Ma première démarche a été pour en faire part à mon ami le captain Cap, ancien starter à l’Observatoire d’Ottawa (le même dont je parlais naguère et qui donnait le départ aux étoiles filantes.)

De la meilleure grâce du monde, le captain Cap voulut bien reconnaître que, depuis Strabon, nulle conception géographique comparable à la mienne n’avait vu le jour.

— Galilée, lui-même, qui n’était pas un serin, ajouta Cap, n’aurait pas pensé à cela.

Ce petit flatteur préambule une fois posé, arrivons au creux de la question :

Vous n’êtes pas sans avoir remarqué qu’on a donné le nom de Midi à la partie méridionale de la France.

Je vais dans le Midi. J’arrive du Midi.

Les médecins lui ont conseillé d’aller passer l’hiver dans le Midi.

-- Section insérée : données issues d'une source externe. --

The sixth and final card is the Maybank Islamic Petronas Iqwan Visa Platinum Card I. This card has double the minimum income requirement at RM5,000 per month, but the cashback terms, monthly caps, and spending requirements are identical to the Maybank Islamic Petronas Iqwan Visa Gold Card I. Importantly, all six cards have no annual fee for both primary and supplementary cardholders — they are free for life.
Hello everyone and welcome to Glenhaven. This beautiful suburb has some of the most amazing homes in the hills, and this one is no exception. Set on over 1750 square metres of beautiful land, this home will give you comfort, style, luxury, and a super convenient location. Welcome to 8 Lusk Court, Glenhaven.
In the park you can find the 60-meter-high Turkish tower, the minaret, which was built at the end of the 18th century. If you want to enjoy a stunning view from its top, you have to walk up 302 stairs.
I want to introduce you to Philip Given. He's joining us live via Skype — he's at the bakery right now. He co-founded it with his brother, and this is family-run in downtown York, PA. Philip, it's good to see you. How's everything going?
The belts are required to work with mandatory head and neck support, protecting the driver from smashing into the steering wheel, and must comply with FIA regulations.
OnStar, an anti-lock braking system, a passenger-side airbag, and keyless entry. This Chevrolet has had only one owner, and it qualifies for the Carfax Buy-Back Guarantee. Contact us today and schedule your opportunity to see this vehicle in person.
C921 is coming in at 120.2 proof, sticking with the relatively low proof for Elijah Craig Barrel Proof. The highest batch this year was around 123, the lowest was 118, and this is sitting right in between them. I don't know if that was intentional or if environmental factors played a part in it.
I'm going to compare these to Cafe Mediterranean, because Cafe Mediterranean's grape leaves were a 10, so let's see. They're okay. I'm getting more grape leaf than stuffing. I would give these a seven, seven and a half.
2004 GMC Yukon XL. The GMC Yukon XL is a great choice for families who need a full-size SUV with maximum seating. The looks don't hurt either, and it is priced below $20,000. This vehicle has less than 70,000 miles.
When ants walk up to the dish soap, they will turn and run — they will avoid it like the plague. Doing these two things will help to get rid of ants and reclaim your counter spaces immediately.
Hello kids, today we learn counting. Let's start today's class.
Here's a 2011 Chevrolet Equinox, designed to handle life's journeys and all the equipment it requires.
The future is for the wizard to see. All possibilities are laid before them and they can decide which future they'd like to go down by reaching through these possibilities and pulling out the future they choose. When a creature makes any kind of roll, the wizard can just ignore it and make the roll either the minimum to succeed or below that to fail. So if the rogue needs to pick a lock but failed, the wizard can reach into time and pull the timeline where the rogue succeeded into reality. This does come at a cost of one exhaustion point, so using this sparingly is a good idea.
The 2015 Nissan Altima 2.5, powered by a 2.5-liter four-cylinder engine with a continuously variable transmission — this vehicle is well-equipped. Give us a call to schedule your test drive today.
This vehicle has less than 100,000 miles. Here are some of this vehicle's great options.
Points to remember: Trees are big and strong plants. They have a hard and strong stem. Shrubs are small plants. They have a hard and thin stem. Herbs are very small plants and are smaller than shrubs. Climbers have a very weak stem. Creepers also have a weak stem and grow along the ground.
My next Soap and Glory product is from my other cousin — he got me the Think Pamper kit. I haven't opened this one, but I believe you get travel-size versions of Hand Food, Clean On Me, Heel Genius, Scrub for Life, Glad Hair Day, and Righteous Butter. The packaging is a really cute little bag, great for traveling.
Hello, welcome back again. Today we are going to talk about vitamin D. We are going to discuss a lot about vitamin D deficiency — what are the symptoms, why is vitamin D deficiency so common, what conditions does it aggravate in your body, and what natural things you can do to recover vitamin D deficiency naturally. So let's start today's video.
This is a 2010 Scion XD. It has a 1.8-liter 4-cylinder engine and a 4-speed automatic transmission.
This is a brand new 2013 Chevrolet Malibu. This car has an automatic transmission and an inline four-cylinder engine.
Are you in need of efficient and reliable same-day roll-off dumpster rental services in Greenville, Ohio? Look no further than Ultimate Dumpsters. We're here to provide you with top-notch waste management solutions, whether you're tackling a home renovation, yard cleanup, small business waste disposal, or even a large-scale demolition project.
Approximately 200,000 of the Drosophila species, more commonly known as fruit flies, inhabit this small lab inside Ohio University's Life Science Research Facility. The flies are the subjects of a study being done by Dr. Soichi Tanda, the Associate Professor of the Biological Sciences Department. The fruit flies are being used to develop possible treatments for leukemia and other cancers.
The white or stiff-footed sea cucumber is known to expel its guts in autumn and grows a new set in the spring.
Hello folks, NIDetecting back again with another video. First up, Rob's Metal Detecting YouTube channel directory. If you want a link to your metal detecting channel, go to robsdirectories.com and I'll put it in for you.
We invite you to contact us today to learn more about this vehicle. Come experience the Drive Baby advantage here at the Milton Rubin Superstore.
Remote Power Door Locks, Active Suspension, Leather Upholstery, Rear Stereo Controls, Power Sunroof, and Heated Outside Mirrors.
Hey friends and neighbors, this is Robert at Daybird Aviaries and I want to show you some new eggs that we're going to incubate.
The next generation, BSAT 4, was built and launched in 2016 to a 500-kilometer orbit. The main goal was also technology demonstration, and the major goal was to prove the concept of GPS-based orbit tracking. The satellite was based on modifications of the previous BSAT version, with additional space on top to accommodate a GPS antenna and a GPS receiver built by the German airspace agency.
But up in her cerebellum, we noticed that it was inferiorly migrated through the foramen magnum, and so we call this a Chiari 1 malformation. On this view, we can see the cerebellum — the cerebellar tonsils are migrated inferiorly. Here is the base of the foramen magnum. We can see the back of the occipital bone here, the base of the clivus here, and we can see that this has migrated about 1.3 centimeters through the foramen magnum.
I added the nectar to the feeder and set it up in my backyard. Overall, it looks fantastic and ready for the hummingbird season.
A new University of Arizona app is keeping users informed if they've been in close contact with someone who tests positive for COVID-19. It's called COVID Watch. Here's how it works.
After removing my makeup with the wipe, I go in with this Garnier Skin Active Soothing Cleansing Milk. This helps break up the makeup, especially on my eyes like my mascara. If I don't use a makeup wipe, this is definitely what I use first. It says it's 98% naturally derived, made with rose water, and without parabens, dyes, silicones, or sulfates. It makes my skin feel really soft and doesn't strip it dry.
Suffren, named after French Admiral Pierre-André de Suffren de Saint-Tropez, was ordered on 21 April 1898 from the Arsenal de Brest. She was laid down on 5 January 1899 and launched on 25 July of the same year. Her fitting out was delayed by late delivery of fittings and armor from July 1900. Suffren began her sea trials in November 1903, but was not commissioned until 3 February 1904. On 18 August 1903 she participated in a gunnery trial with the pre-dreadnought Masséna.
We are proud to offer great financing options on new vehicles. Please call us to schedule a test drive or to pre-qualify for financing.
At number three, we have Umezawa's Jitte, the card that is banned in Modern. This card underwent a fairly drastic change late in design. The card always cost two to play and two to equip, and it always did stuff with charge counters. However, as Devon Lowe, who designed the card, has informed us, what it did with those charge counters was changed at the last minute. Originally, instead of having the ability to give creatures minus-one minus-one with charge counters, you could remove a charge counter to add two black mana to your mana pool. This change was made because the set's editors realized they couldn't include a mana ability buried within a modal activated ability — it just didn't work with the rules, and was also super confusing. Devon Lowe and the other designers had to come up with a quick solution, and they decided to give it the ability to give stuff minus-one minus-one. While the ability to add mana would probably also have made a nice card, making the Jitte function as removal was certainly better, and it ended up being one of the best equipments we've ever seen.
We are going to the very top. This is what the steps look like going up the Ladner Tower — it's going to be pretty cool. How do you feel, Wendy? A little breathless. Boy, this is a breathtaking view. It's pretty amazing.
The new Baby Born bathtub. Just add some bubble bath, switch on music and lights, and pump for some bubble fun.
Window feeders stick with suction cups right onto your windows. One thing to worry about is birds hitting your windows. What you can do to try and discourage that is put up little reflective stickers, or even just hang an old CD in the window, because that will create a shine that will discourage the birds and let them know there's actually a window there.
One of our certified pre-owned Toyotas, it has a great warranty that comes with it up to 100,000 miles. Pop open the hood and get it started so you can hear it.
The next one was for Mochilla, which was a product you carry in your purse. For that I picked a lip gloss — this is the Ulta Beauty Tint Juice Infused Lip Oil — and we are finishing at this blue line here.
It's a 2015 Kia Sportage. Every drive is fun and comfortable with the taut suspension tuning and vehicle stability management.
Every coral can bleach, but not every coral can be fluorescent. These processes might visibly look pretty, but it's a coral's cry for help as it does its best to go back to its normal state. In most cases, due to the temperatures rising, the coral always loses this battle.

Il a l’accent du Midi, etc., etc., etc., telles sont les courantes locutions qu’on entend chaque jour et contre lesquelles personne, je gage, n’a songé à protester, tant cette appellation semble naturelle à tous.

Pourquoi cela ?

Pourquoi, seules, les contrées du Sud bénéficieraient-elles de cette dénomination chronométrique, alors que pas un autre pays de France ne s’appelle le Minuit ou le Quatre heures moins le quart ?

Je le répète, cet état de choses ne répond pas aux idées de justice que nous portons tous au cœur, et je crois avoir imaginé un petit projet qui arrangerait à souhait cette partialité flagrante.

Personne n’aurait plus à se plaindre, et la France serait toujours la France, alors que les Français ne cesseraient un instant de demeurer Français.

Voici mon projet. (Je vous le donne pour ce qu’il vaut, bien que je ne le considère pas comme beaucoup plus bête que bien des idées de membres de l’Institut.)

On diviserait la France (idéalement, bien entendu, car elle est assez divisée comme ça, la pauvre bougresse) en douze tranches longitudinales dont chacune porterait le nom d’une heure de l’horloge.

Le Midi serait toujours le Midi ; la tranche d’au-dessus s’appellerait l’Onze heures, celle d’au-dessus le Dix heures, et ainsi de suite jusqu’au Nord.

La tranche où se trouve Dunkerque se dénommerait par conséquent l’Une heure.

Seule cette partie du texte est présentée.